Hiller-Claridge had advice for anyone who is on the fence about receiving a COVID-19 vaccine. “I mean personally, I believe in vaccinations, I believe in science. I would recommend that they do their research. That they do all the reading that they can about this vaccine. That they understand why and how this vaccine was created so quickly because I think that scares a lot of people, is how quick it was carried out,” she said. “Talk to different doctors, do some reading of the research and the literature from multiple sources, not just one or two sources, but multiple. And then make the judgment call for yourself.”
“If you don’t get the vaccine, then make sure you are socially responsible and take the necessary precautions, continue to wear your mask. I will continue to wear my mask even though I’m vaccinated,” she added.
Teachers are talking to their students about this because they want them to learn and understand. COVID-19 has deeply affected Klimkiewicz’s family as his wife’s aunt passed away from the disease in the fall. He’s been open with his students about his experiences.

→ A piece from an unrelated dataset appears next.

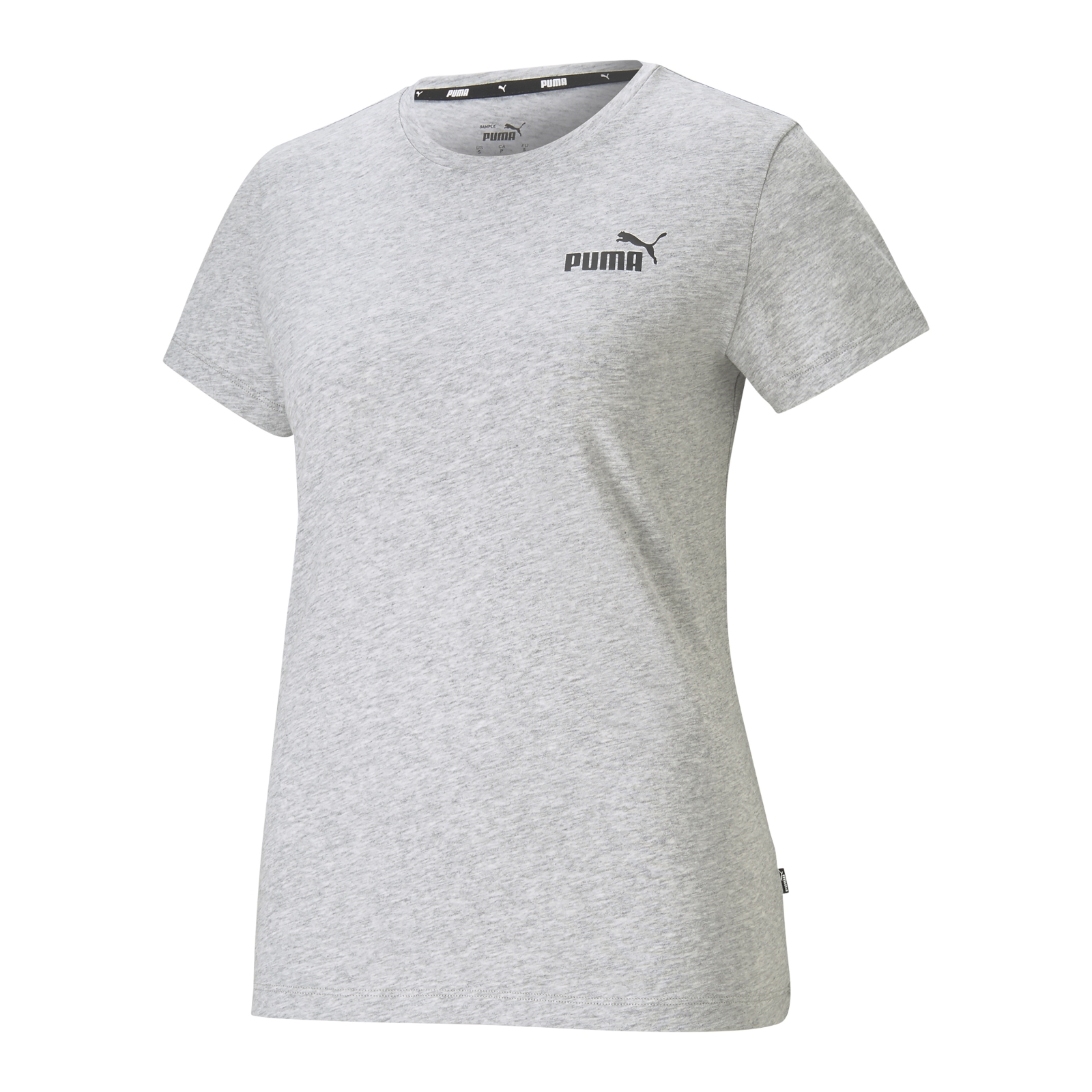 Tee Shirt Puma ESS Small Logo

“Having had this impact my family very closely, and seeing what it did to my wife’s aunt… having seen that and gone through that, I would just think I would not wish that upon anyone,” he said. “When you don’t have firsthand interactions with things like this, it’s easy to not think it’s a huge deal, you know? And that’s the reason why I talk to my students about this kind of stuff, because when you actually see firsthand that kind of awfulness that it has on people it’s impactful.”
Receiving the first dose of the COVID-19 vaccine has given him hope that this crisis has reached a turning point. Klimkiewicz is hopeful that as more people get vaccinated, fewer people will have to deal with the horrifying realities of COVID-19.
“If all it takes is getting a shot in the arm to stop that I would happily do it, and I would encourage anyone else to as well,” he said. “I would just encourage anyone and everyone that has the ability and opportunity to get it, to get it as quickly as possible. I get that it’s their choice and they can make that choice. But, you know, the thing we have to remember is our choices have consequences.”